African Women Are Identified as Key Drivers for Energy Advancement

Africa: Women Are Central to Africa’s Energy Transformation

All Africa, March 8, 2016. Image credit: Peggy_Marco

It is time to recognize that modernizing household energy is central to Africa’s development – and that means bringing women to the table.

Women and girls collect most of the firewood, spending an average of 2.1 hours per day on the task. They also do most of the cooking – a task that consumes about 1.6 hours per day, according to World Bank estimates. This is time that could be spent on education and income-earning activities, costing sub-Saharan African economies as much as US$29.6 billion per year, the World Bank estimates. Combined with health, environmental and other economic impacts, the cost is close to US$60 billion.

Women are not only the end-users of these technologies – they are also key players in the success of any enterprise that develops and markets them. Women are best positioned to tell designers what they want and need, so the resulting products are desirable to consumers, and seen as worth the cost. Women’s groups, which are already active in communities across sub-Saharan Africa, can lead educational efforts and microfinance schemes.
Women can also become household energy entrepreneurs themselves, producing or selling improved stoves, marketing solar lights, and/or providing after-sales services for these products. Close to their customers, women entrepreneurs have the potential to lower customer acquisition and servicing costs and drive these new decentralized solutions.


Women-led renewable energy businesses have a strong track record in accelerating off-grid energy access.
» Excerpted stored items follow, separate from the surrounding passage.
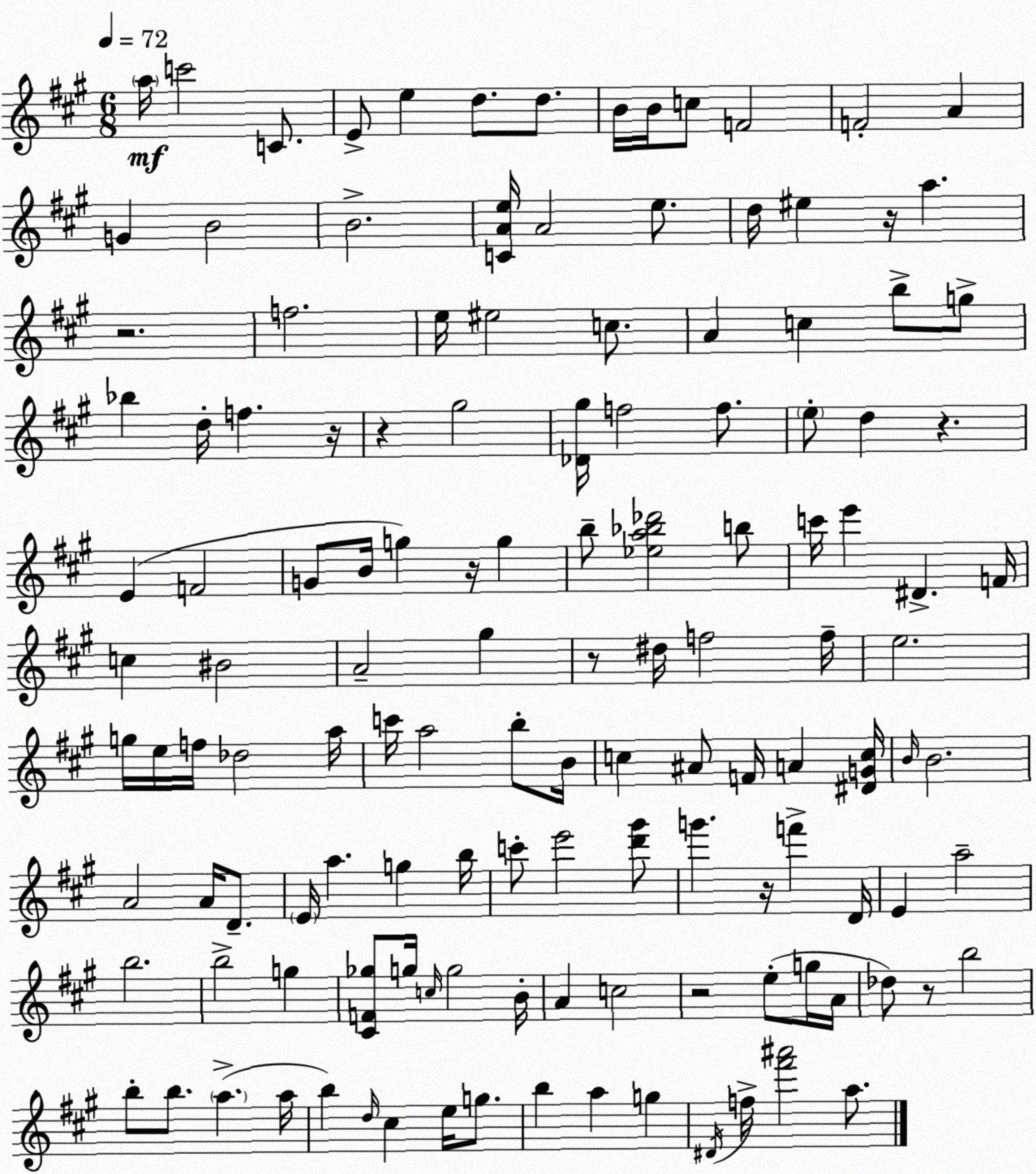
X:1
T:Untitled
M:6/8
L:1/4
K:A
a/4 c'2 C/2 E/2 e d/2 d/2 B/4 B/4 c/2 F2 F2 A G B2 B2 [CAe]/4 A2 e/2 d/4 ^e z/4 a z2 f2 e/4 ^e2 c/2 A c b/2 g/2 _b d/4 f z/4 z ^g2 [_D^g]/4 f2 f/2 e/2 d z E F2 G/2 B/4 g z/4 g b/2 [_ea_b_d']2 b/2 c'/4 e' ^D F/4 c ^B2 A2 ^g z/2 ^d/4 f2 f/4 e2 g/4 e/4 f/4 _d2 a/4 c'/4 a2 b/2 B/4 c ^A/2 F/4 A [^DGc]/4 B/4 B2 A2 A/4 D/2 E/4 a g b/4 c'/2 e'2 [d'^g']/2 g' z/4 f' D/4 E a2 b2 b2 g [^CF_g]/2 g/4 c/4 g2 B/4 A c2 z2 e/2 g/4 A/4 _d/2 z/2 b2 b/2 b/2 a a/4 b d/4 ^c e/4 g/2 b a g ^D/4 f/4 [^f'^a']2 a/2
For example, Solar Sister, which combines clean energy technology with a deliberately women-centred direct sales network to deliver improved lighting and cooking options to women in rural Africa, has grown from two to 1,250 entrepreneurs in five years. The company has so far created employment opportunities for 2,000 women across Uganda, Tanzania and Nigeria, and has delivered clean, energy efficient products that benefit 300,000 people in the region.